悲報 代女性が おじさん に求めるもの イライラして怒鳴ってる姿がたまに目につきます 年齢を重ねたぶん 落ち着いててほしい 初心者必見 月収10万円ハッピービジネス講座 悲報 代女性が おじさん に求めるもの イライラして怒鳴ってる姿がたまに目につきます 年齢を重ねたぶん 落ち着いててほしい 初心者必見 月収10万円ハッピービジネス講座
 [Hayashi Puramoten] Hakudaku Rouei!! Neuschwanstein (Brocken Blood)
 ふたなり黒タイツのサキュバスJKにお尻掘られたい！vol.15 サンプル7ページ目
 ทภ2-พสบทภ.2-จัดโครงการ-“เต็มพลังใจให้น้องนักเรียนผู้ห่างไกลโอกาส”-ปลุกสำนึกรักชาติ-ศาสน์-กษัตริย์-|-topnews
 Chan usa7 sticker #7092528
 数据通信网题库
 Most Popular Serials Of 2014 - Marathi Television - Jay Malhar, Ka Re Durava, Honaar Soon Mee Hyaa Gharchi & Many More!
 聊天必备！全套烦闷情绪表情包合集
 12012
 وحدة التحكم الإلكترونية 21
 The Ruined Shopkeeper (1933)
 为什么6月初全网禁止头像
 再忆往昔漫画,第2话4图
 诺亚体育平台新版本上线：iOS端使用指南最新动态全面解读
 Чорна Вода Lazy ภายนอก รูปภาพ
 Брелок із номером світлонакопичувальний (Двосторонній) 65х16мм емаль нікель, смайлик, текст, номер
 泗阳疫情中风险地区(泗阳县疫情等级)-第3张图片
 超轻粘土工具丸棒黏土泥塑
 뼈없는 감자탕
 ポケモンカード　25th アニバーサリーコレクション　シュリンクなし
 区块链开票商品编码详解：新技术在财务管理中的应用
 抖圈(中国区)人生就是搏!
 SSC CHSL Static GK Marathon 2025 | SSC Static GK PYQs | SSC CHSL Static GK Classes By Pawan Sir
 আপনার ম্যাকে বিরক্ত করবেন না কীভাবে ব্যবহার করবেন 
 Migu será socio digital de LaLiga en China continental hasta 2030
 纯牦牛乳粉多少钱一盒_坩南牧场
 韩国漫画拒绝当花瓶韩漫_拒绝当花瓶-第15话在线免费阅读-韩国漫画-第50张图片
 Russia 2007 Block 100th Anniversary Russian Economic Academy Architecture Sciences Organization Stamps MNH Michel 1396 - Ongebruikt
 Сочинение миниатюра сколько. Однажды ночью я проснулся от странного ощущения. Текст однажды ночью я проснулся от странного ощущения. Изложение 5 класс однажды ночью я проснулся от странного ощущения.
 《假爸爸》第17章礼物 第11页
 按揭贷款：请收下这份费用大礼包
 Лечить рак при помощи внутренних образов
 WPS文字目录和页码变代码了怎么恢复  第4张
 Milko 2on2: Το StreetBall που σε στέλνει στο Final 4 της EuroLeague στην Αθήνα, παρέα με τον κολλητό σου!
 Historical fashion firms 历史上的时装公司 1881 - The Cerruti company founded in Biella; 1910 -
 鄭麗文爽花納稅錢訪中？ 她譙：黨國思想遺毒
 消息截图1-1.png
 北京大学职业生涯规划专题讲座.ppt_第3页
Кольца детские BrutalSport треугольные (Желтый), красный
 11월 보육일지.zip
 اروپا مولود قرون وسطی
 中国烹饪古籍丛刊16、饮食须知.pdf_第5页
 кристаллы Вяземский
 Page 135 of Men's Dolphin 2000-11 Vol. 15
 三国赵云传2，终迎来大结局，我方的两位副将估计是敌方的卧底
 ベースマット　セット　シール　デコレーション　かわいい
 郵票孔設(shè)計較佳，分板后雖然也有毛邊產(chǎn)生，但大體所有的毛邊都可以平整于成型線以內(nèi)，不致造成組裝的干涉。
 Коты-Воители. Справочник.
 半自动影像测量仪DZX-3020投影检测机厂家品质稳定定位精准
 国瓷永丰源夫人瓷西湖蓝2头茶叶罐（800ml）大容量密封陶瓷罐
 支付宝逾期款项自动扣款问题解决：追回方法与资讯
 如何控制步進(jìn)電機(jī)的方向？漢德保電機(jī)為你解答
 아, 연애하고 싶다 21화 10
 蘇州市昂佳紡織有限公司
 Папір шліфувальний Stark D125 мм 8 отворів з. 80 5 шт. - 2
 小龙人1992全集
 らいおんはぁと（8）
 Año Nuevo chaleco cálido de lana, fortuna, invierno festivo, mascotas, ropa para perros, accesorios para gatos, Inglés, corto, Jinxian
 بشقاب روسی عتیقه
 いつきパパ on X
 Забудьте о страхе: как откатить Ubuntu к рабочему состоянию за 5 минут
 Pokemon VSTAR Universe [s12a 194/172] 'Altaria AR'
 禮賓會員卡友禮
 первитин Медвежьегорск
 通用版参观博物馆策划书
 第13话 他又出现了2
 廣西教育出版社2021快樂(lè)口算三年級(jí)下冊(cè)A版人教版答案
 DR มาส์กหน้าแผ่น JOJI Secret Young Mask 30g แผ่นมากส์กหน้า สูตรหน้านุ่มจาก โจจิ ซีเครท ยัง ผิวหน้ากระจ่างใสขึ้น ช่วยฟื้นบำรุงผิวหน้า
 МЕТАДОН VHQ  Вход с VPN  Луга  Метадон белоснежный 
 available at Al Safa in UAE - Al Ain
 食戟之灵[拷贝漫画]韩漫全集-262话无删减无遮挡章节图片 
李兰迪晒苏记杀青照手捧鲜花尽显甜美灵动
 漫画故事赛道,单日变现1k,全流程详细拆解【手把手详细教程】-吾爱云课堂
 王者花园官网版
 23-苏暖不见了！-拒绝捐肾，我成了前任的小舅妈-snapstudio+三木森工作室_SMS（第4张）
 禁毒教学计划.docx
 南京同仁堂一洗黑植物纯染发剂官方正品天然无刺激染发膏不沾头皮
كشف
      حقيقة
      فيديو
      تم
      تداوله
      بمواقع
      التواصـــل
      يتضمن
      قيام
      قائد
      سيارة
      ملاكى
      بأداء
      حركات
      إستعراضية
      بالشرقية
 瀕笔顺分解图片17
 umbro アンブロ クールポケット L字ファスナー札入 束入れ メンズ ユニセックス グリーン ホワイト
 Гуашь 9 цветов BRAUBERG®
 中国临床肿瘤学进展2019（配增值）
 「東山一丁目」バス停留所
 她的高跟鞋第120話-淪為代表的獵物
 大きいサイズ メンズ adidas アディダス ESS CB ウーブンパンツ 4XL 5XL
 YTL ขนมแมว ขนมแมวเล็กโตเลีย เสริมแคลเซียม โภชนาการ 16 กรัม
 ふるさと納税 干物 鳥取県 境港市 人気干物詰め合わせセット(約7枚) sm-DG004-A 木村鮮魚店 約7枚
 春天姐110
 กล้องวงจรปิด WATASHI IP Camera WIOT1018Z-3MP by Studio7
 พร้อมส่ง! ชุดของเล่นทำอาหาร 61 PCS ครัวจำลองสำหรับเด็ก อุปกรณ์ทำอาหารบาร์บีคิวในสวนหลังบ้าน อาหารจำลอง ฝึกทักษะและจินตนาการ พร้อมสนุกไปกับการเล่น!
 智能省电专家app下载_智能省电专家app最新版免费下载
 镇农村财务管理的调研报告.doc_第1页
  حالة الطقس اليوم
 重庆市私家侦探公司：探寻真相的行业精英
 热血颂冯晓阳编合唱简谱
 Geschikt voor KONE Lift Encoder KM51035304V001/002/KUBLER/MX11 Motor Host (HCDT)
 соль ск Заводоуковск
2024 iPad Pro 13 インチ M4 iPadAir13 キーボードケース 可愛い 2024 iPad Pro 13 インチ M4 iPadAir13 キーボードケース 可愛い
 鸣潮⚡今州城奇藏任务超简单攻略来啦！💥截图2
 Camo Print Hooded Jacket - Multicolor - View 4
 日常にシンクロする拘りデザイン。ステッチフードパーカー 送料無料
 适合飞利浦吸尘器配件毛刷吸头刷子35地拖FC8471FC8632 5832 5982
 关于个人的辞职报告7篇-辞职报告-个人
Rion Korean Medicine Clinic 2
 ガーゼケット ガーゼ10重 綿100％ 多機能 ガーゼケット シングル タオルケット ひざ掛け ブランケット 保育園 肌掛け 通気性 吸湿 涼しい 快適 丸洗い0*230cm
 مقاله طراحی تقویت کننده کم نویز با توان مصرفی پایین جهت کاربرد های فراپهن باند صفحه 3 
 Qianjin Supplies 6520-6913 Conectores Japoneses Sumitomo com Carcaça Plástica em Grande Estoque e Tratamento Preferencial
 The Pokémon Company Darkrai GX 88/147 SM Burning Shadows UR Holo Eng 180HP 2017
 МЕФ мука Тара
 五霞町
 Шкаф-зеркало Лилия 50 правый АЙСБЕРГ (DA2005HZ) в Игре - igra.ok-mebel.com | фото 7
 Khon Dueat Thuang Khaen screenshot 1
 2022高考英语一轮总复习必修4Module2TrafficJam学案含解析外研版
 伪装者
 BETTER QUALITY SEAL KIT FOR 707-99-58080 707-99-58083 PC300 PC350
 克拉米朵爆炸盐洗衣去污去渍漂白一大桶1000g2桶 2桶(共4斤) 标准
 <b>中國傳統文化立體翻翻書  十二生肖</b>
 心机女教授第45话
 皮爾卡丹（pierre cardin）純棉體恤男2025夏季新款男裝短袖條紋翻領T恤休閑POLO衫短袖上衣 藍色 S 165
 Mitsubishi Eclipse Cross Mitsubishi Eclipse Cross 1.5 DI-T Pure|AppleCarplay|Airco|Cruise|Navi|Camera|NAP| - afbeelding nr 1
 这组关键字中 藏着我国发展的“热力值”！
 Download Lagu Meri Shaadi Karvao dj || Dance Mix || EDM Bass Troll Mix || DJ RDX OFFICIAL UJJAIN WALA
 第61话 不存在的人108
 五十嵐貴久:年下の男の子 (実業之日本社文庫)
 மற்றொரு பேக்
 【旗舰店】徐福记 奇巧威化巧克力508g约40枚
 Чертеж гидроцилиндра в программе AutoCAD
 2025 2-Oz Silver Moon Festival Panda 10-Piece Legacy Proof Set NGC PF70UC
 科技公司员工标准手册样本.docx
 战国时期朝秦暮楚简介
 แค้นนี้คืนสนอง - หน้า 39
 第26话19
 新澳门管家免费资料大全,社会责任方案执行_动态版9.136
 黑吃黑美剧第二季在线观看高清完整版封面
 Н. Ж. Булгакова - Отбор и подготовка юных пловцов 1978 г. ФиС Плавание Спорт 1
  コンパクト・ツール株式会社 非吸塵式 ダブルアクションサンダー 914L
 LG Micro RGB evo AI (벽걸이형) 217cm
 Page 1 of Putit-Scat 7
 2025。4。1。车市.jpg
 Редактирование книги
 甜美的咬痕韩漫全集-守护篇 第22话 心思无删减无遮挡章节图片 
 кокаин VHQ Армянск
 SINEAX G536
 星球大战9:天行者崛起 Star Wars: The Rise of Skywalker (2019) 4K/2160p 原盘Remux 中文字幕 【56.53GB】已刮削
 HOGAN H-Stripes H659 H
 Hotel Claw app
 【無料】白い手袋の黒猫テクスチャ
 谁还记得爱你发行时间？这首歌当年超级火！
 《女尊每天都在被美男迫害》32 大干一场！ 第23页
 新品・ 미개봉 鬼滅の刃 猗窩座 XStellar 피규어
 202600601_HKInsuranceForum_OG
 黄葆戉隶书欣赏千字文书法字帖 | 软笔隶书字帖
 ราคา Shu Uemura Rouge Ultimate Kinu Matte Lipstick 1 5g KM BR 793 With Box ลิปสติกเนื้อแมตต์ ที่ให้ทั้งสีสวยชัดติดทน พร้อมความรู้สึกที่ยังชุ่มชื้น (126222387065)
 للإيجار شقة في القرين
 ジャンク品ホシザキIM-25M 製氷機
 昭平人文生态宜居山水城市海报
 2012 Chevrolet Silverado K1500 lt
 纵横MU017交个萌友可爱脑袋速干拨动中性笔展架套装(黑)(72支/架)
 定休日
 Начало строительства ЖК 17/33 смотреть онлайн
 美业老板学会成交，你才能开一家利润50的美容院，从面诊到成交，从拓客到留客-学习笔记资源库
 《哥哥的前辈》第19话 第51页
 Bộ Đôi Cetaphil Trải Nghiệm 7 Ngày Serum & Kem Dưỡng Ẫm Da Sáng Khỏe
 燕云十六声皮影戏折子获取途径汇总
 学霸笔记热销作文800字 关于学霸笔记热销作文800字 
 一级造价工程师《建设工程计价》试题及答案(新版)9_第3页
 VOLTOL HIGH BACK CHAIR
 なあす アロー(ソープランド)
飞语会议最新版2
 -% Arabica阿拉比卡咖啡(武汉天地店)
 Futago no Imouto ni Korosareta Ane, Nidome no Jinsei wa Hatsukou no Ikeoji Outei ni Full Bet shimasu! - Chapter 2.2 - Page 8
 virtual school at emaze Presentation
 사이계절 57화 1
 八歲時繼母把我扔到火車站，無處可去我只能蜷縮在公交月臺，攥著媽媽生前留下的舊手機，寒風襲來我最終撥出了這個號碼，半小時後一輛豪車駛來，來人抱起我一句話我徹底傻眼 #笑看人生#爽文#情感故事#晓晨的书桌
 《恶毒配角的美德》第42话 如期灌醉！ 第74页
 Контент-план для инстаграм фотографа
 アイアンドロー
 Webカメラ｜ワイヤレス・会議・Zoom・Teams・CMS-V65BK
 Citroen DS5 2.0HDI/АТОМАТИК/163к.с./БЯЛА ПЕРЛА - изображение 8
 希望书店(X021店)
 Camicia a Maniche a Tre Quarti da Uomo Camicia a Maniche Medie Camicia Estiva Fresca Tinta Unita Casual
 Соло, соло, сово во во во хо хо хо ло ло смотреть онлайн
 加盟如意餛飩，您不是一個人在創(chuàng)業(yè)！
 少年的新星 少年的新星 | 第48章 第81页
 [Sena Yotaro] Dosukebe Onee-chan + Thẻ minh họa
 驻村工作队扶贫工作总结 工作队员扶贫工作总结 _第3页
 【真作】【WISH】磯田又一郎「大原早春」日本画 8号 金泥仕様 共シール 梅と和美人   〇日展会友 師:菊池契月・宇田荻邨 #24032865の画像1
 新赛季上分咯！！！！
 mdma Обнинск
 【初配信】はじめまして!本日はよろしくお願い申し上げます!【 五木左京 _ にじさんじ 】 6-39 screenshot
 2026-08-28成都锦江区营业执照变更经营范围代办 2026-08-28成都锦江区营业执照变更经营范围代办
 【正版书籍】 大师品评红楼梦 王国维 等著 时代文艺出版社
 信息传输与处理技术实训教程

----------------------------------------

Requirement
Search the records for the word "онлайн", then list every line that has it.

Answer area
 Начало строительства ЖК 17/33 смотреть онлайн
 Соло, соло, сово во во во хо хо хо ло ло смотреть онлайн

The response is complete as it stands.